Since October 7th and throughout this experience, The Palestinian Solidarity Group (PSG) at UWindsor has busily spewed antisemitic rhetoric, which has spread rapidly across campus. On October 10th, the first of their many rallies took place, a rally to “mobilize for the Day of Resistance” in Gaza, with posters depicting the very Hamas paragliders involved in the massacre of babies, the brutal rape of women, and the kidnapping of innocent civilians. The event was a vile glorification of October 7th. As a Jewish student who was grieving for my family and friends in Israel, seeing such posters celebrating the atrocious acts of Hamas as “resistance” was soul crushing. It felt like I was watching Nazi propaganda in the 1930’s. When I reached out to the university administration, I was told that nothing would be done to suppress this event, or similar events in the future. It was at this moment, after being unjustly discriminated against by the SLS, having no official condemnation for the celebration of barbaric terrorism from the school, and being told nothing could be done to stop a club from celebrating the rape, murder, and kidnapping of Jews, that I realized that Jewish students at the UWindsor were completely on our own. There would be no support for us on campus and no attempt by the university administration, nor the law school, to protect Jewish students against acts of antisemitism. This inaction served to enable more antisemitism to flourish on campus in the coming weeks and months.
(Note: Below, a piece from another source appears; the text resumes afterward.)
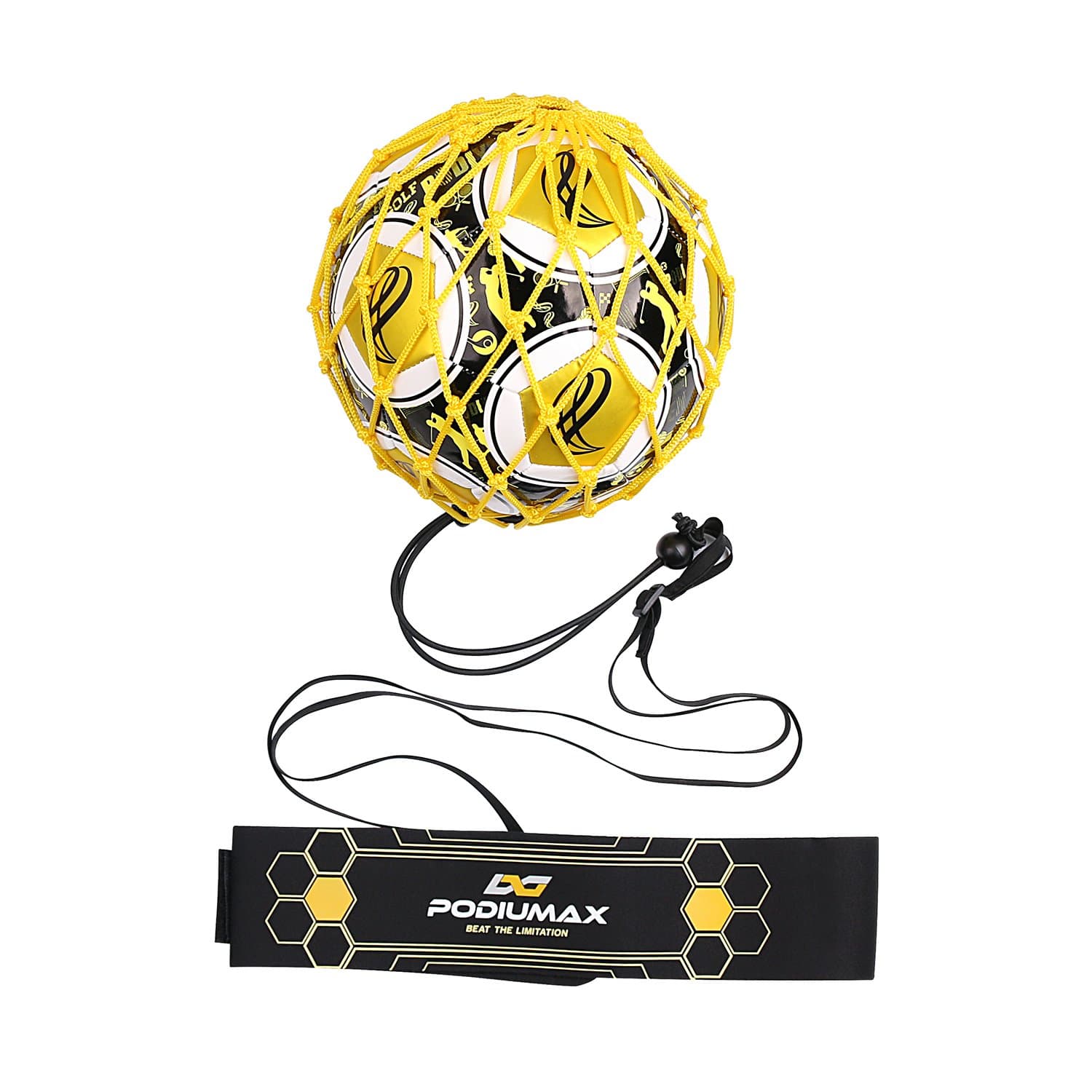 PodiuMax Solo Football Kick Trainer, Hands-Free Training Aid with Adjustable Belt, Solo Practice for Kids and Adults, fits Ball Size 3/4/5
Rallies and walk-outs continued across campus, and still occur almost weekly, as well as in the surrounding Windsor-Essex area. At these rallies, people have been heard chanting “death to the Jews” in Arabic, posters have been held stating “Palestinian resistance is never unprovoked. Ask why?”, and, most recently, and arguably most disgustingly, “Saved from Nazis to become Nazis.” Without any form of opposition to these rallies, the posters have only gotten more vicious and antisemitic. While sitting in my lectures, as these protests take place in and around the law school, I am forced to listen to blood-curdling chants. The participants are, openly and unashamedly, calling for the genocide of the inhabitants of the State of Israel, where my family and friends live. When hundreds of students march around campus on a weekly basis chanting for the genocide of my people, how could any Jewish student feel safe to be open about their identity? Each of these events has been “explicitly Anti-Zionist,” but we, the Jewish students at UWindsor, know exactly who they are referring to, and I feel as though these groups know exactly who they are targeting in their exclusionary and discriminatory language. It is no longer safe to be a Jew, let alone a Zionist, at UWindsor.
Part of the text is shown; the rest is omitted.